From 2010 to 2013, we started writing our own web heds with digital summaries and learned how to pull photos for digital presentation in Methode, our CMS. Then we added editing in WordPress in 2013 as a complement for the bloggers and for special digital presentation.
We also have special systems and build-outs for databases, graphics, video, design, etc. This year we rolled out ARC, which allows us to publish copy to the web in a more streamlined way, which has continued our unofficial “new year, new tool” pace.
I think the transition from print to digital is more a mind-set more than anything: Typesetting and publishing content have never been easier, and yet new tools can throw people off-balance, so it’s important to remember all of the tools we’ve worked on in our careers and how much harder those tools were when it was print-only work.
ATEX required editors to hard-code headlines, captions and text; the new systems only require us to make sure everything is right within the code that is provided for us. We do have more steps to worry about now, but if you can keep things organized in your head you can succeed easily in the digital world.
That said, we provide a lot of training for anyone who needs it. Personally, I think we should embrace change and continue to do so. Evolution is necessary to succeed over a 30-plus-year career.
Q. The Post uses a “content testing tool” called Bandito to assess headlines and other elements on its site. How does that affect how human editors do their work?

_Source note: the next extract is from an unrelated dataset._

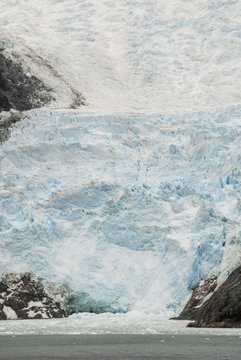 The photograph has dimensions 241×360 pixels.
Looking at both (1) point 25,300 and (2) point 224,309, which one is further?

Bandito allows for dissent and certainty, which is great for editors and journalism. If two or more people have different ideas about the direction a headline should go it, you can use Bandito to prove which one is the best.
We get a lot of guidance on how our voice should sound on web heds, and there is a lot of discussion about digital presentation in various channels in Slack. And sometimes the best headline might just be one that has more of a “print” sensibility.
Bandito allows us to take it right to the source, our audience, to see how we can best proceed. So I don’t think it affects how human editors do their work so much as it helps us by opening a world of possibilities that are proved or disproved in real time; Bandito gives us the chance to think both inside and outside the box.
Q. Editing at the Post sounds like a cool job. What advice do you have for students who are interested in that kind of work?
Working at The Post is great, and we try to create a collegial and supportive working environment. I’ve never had a desire to do anything else because of the feeling that we’re making a difference each day and my excitement when I’m in the newsroom.
Even on my worst day at work, I have more fun at work than a lot of my non-journo friends have on their best day at work. We work with so many intelligent and funny people, colleagues who care about the state of the world and the state of the people in the newsroom.
But working at a major daily newspaper isn’t for the faint of heart: The hours can be long and unpredictable, there is a lot of stress associated with the unpredictability of the news cycle, and working nights and weekends can be part of the job for many years. Case in point: I worked 15 years before getting a traditional Saturday-Sunday weekend, and although my shifts are mostly days now, there are still instances when I’m at the office until 9:30 or later (excluding big-event nights like an election). And for 10 of those 15 years, I had a midweek weekend and worked past midnight.
We have more opportunities for daytime work now, but anyone who wants to work at a newspaper needs to think about unusual hours and days off and whether they can sustain that life for a decade or more. But doctors, lawyers, nurses and so many more people have strange hours, too, so if you really love journalism you should do it.
Passion is what matters most: How passionate are you about the First Amendment and the press’s role in it? The answer to those questions will guide you.